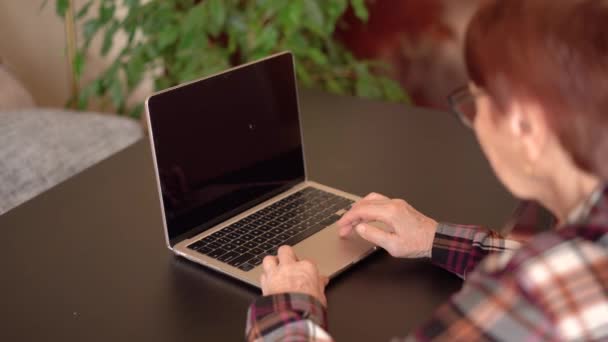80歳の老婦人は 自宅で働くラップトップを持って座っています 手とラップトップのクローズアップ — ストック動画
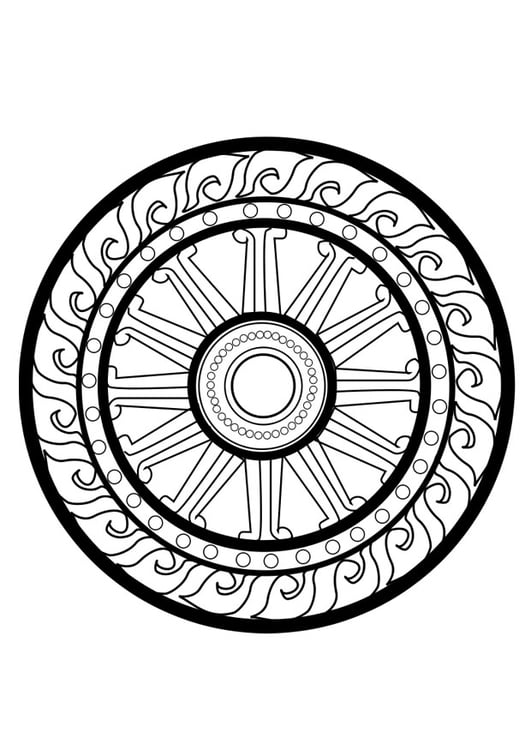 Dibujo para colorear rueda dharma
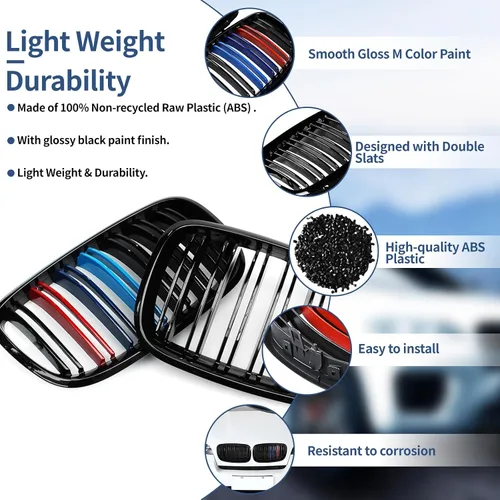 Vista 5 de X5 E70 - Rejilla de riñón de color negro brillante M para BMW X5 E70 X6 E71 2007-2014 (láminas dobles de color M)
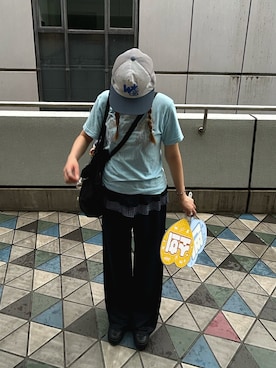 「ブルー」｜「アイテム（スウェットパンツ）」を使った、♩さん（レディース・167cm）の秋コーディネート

==

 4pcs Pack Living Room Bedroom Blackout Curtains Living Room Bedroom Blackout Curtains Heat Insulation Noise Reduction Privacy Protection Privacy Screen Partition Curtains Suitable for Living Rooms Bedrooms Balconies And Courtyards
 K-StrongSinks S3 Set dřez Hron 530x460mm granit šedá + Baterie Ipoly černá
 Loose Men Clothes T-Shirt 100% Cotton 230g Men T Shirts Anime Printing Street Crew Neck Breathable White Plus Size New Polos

---

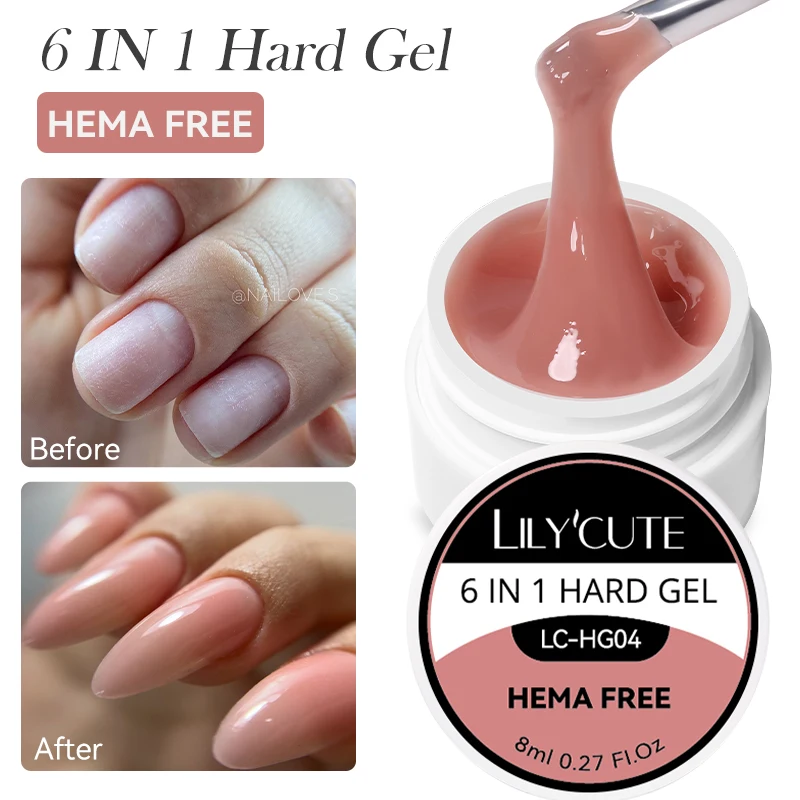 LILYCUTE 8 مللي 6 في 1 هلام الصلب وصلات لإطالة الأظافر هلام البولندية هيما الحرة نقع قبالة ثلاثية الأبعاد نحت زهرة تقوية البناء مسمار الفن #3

The problem:
Output the lines of the records above exactly as they appear, from the line containing "K-StrongSinks S3 Set" through the line containing "Loose Men Clothes".

Written reply:
 K-StrongSinks S3 Set dřez Hron 530x460mm granit šedá + Baterie Ipoly černá
 Loose Men Clothes T-Shirt 100% Cotton 230g Men T Shirts Anime Printing Street Crew Neck Breathable White Plus Size New Polos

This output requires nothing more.